Two months later Rosa María Payá, and other activists were harassed first at the airport by Panamanian officials and later at the VII Summit of the Americas because the United States, along with the democracies of the region, invited Raul Castro to the summit. Castro arrived with a huge entourage of state security agents, then proceeded to interrupt and shut down official civil society gatherings at the summit to silence dissent. Cuban pro-democracy activists were physically assaulted in a public park when they tried to lay a wreath before a bust of Jose Marti suffering broken bones and black eyes.

Throughout the past two years alone over 89,789 visaless Cubans entered the United States in a huge exodus not seen since the Carter and Clinton years with even more Cubans fleeing to South and Central America.

President Obama and General Castro attended a baseball game together in 2016

Despite all of this President Obama visited Cuba on an official state visit in March 2016 of this year elevating Raul Castro's international stature along with his 51 year old son Alejandro Castro Espin who is being groomed for a leadership role and possible generational succession in Cuba.

Unfortunately, the Obama Administration's Cuba policy is having an impact internationally that is negatively impacting human rights in Cuba internally. The latest being the decision of the European Union to "open a new chapter" on relations with Cuba that drops human rights as a condition for normalization and will be the end of a European Common Position adopted in 1996. This arrangement was formalized in a signing ceremony on December 12, 2016.

Furthermore the loosening of sanctions on the Castro regime has coincided with further tightening of economic controls by General Raul Castro and the military over the Cuban economy. Despite the claims that engaging with the dictatorship would lead to more trade the facts say otherwise. Trade between Cuba and the United States has collapsed during the Obama Administration.


There is much more but for the sake of brevity will conclude with President Obama's October 14, 2016 Presidential Policy Directive on Cuba that some credit with costing Secretary Hillary Clinton the 2016 election in Florida by driving up the Cuban American vote for Donald Trump.

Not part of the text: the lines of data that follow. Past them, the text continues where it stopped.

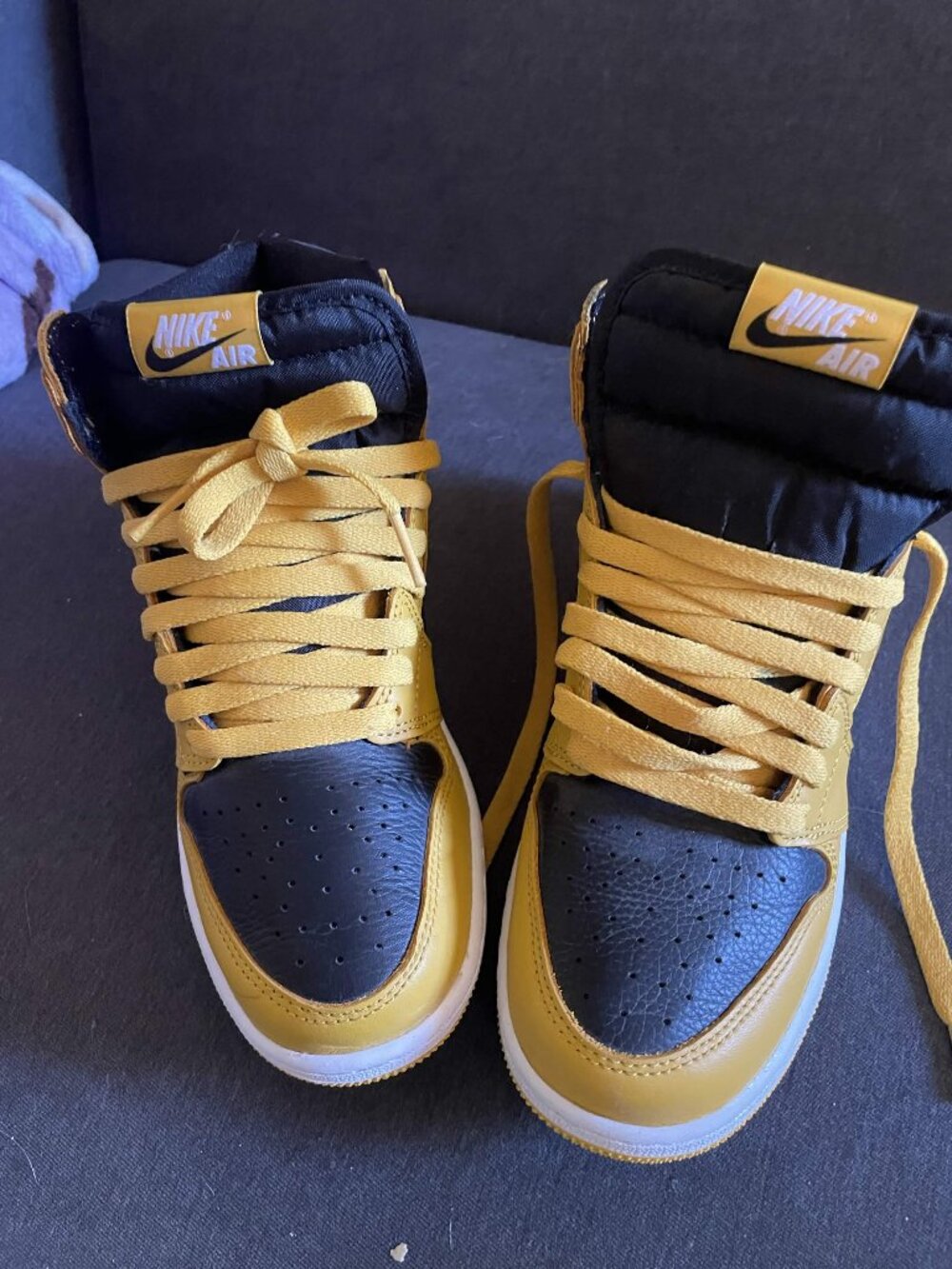 Nike Air Jordan 1 High OG “Pollen” Black/Yellow~Like New/with box size 5 men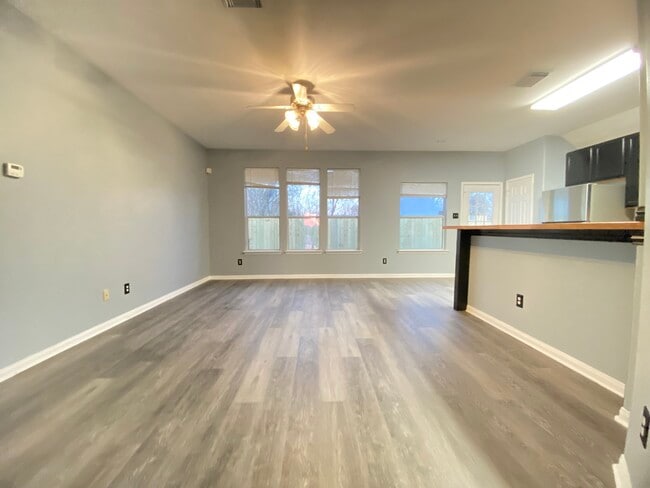 Building Photo - 4031 Raspberry Ct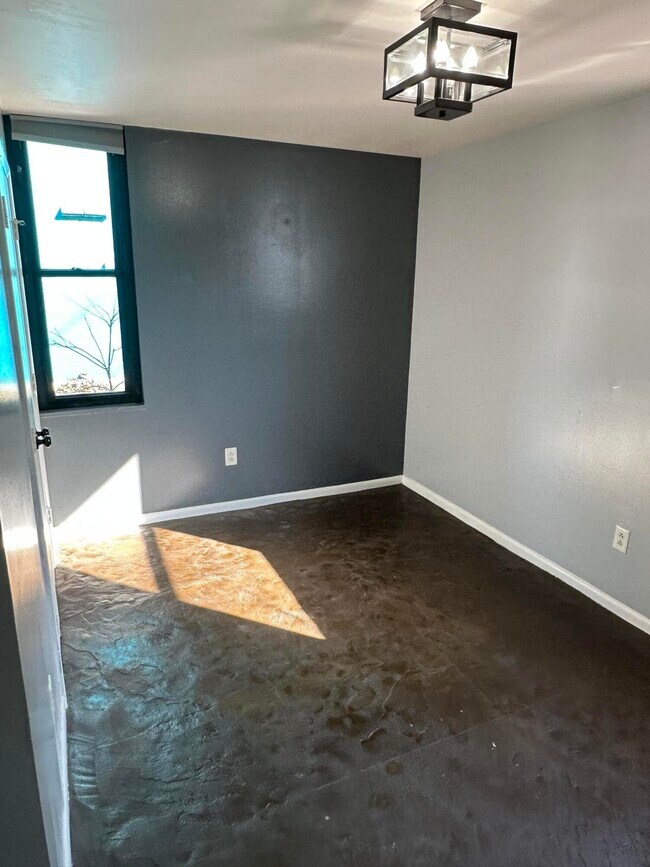 Building Photo - 705 Wilkinson Blvd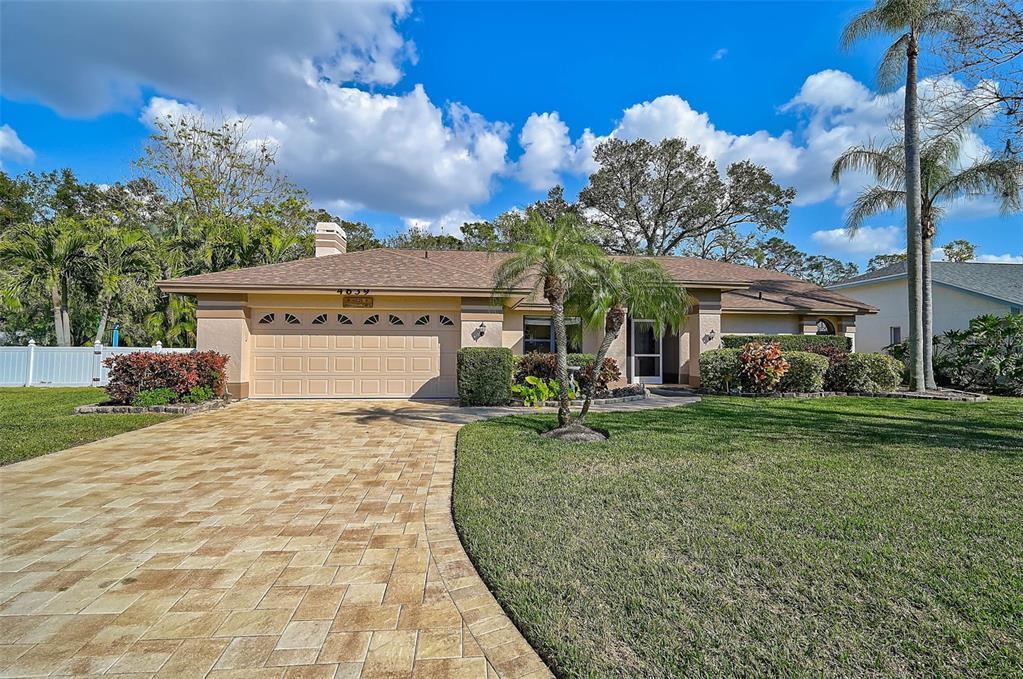 Picture of 4639 Meadowview Circle, Sarasota, FL 34233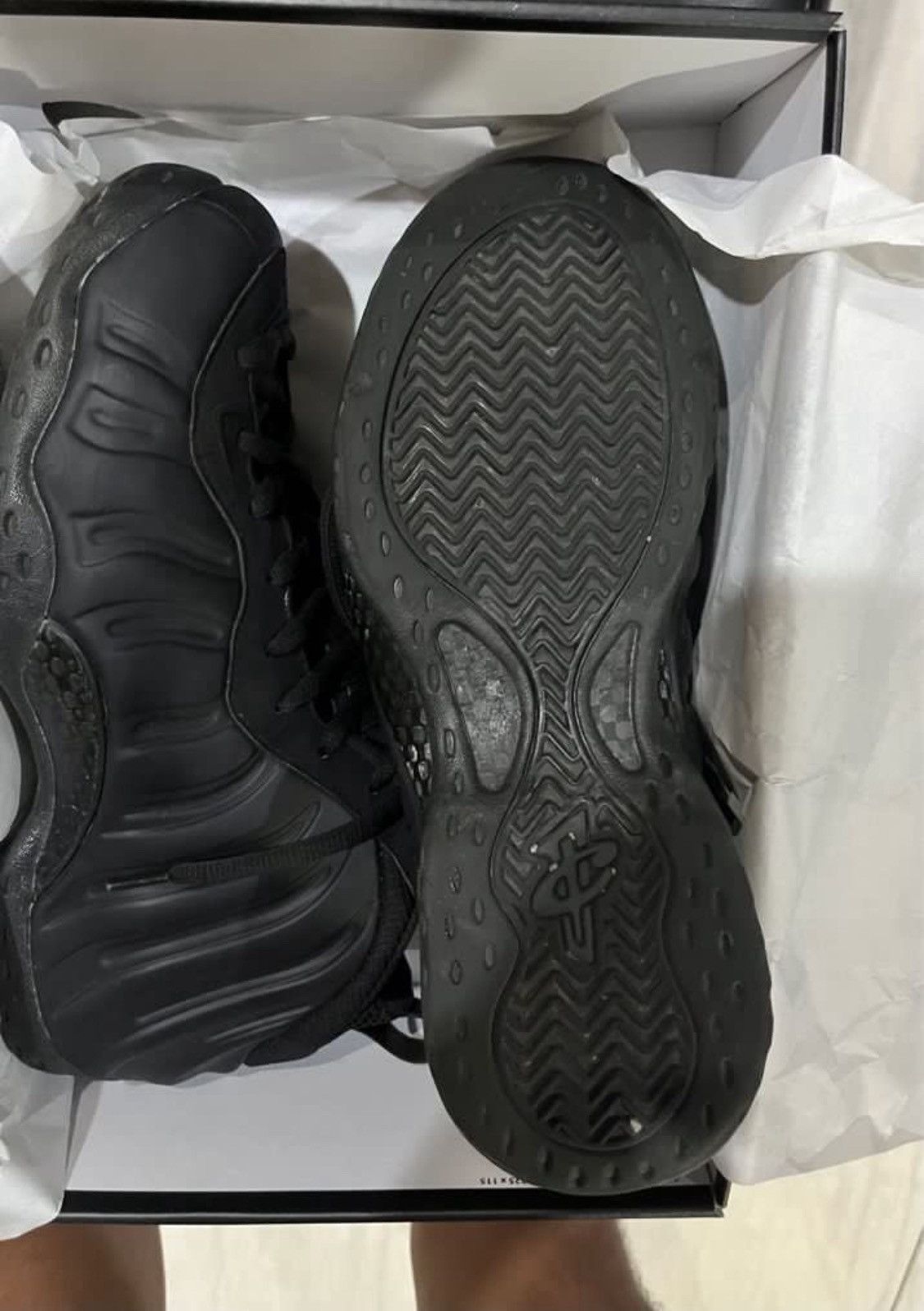 Nike Nike Air Foamposite One Black/Black/Anthracite Size US 9.5 / EU 42-43 - 7 Thumbnail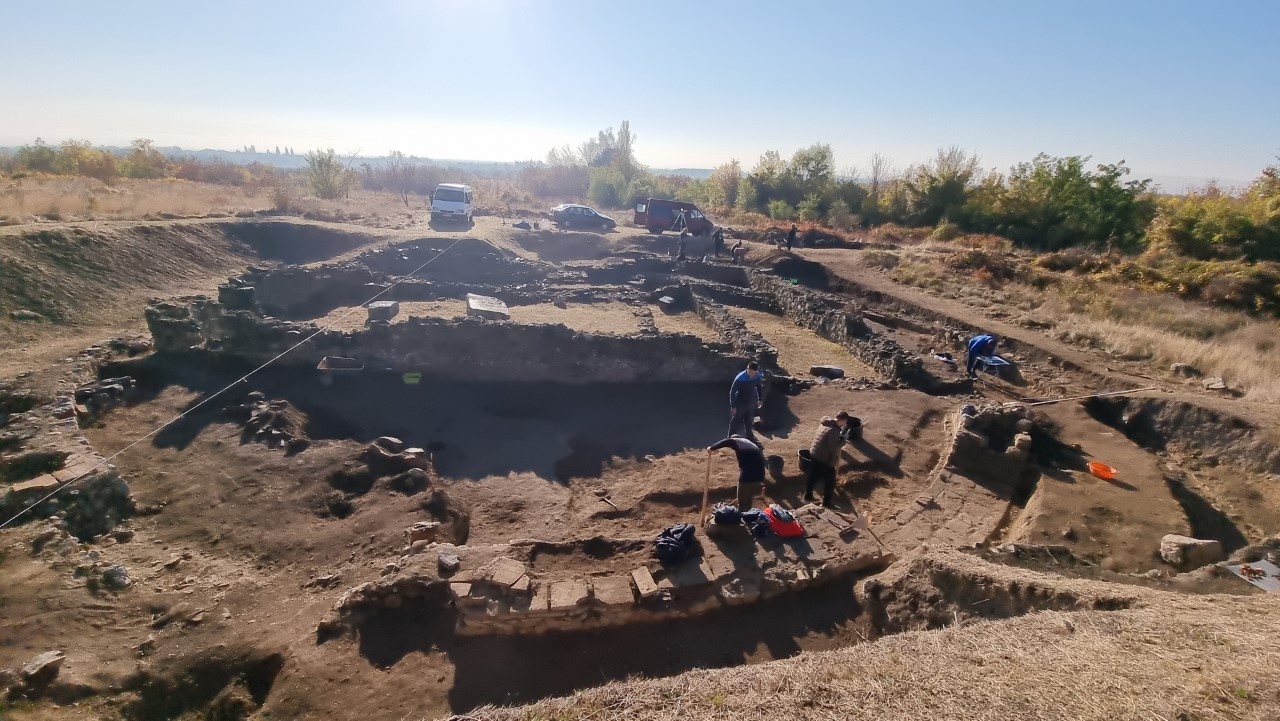 <p>Археологически проучвания край новозагорското село Караново дават нови доказателства за съществуването на светилище на трако-фригийското божество Сабазий. Единственото известно досега кръгло светилище на Сабазий е на територията на Гърция, като досега няма подобно открито в България</p>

All should be concerned that The White House in its October policy directive instructed US intelligence agencies to share information with Castro's spy agency. This is a regime that not only engages in systematic human rights violations, but also has a long track record with international terrorism.

The new Administration should first follow the law and repeal all of Obama's Executive Orders that run afoul of the law or the US Constitution. In the case of Cuba, President Trump has an opportunity to turn a disastrous policy around and work to defend American interests and also speed up a democratic transition that would benefit the region.

Sadly the Obama legacy in Cuba will be remembered as one of appeasing and extending the life of the Castro dictatorship, while paying lip service to human rights and a missed opportunity with the death of Fidel Castro. The embargo policy is a policy of containment that protects vital U.S. interests but is not a policy that frees the Cuban people, but worse yet the Obama Cuba policy is a step in the wrong direction siding with the oppressor while marginalizing the oppressed.